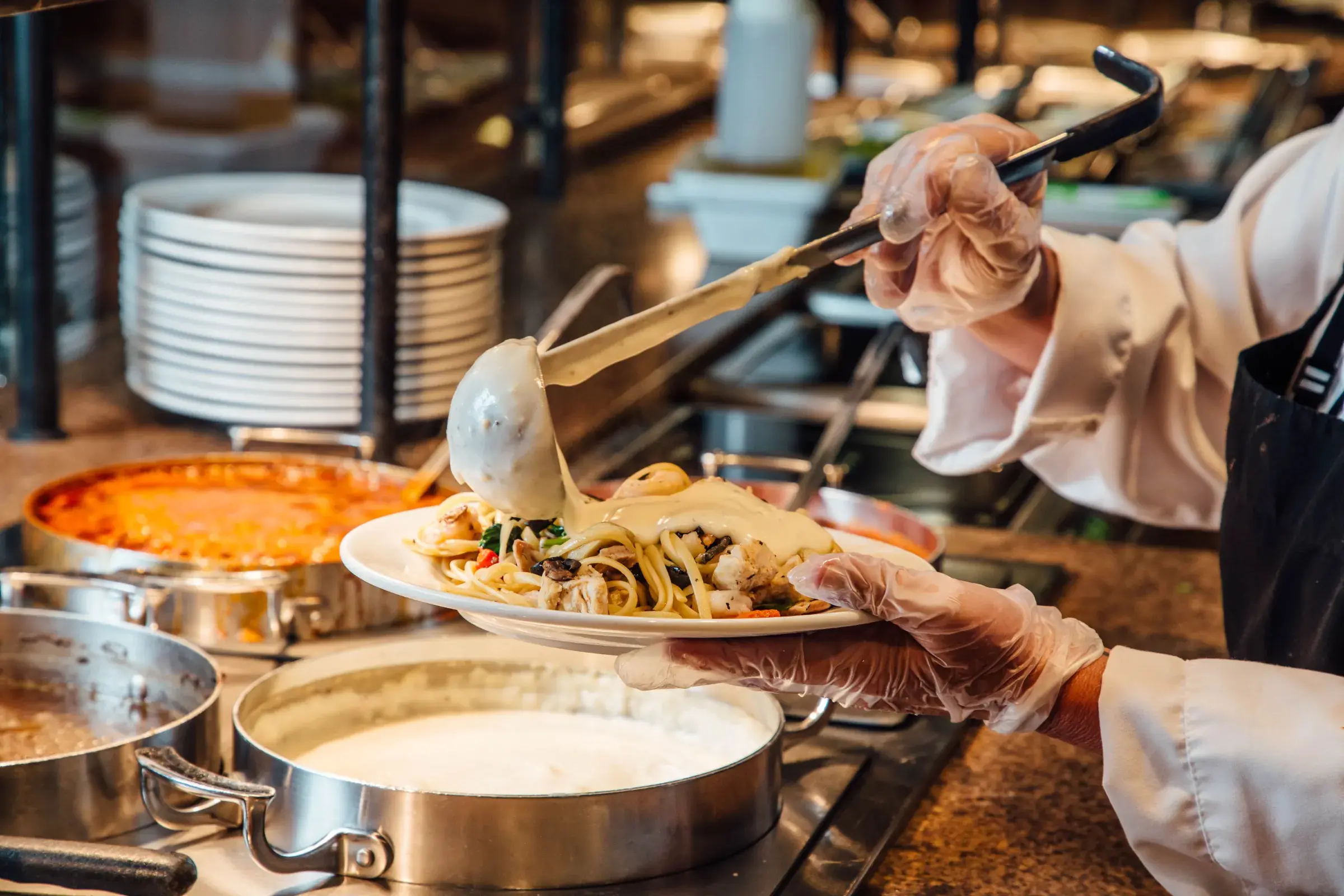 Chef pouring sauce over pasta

...

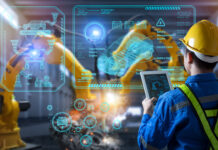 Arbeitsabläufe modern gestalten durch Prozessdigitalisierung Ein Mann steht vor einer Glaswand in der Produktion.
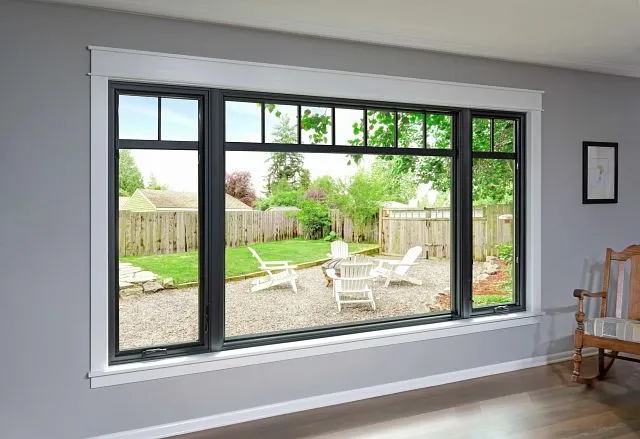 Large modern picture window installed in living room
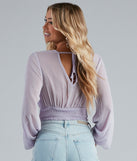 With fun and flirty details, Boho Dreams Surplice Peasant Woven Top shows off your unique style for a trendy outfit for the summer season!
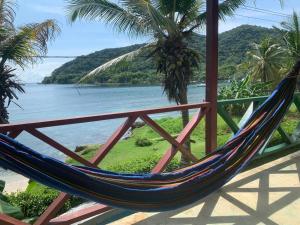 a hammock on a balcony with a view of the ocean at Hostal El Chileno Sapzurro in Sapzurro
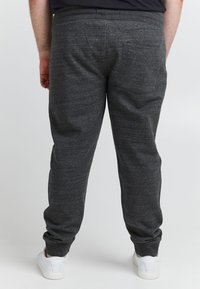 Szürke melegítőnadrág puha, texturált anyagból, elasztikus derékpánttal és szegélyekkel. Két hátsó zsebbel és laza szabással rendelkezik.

What the exercise asks: The output is the stretch above from the line with "Arbeitsabläufe modern gestalten" through the line with "With fun and", copied word for word with both ends kept and every picture dropped.

Finished exercise:
 Arbeitsabläufe modern gestalten durch Prozessdigitalisierung Ein Mann steht vor einer Glaswand in der Produktion.
 Large modern picture window installed in living room
 With fun and flirty details, Boho Dreams Surplice Peasant Woven Top shows off your unique style for a trendy outfit for the summer season!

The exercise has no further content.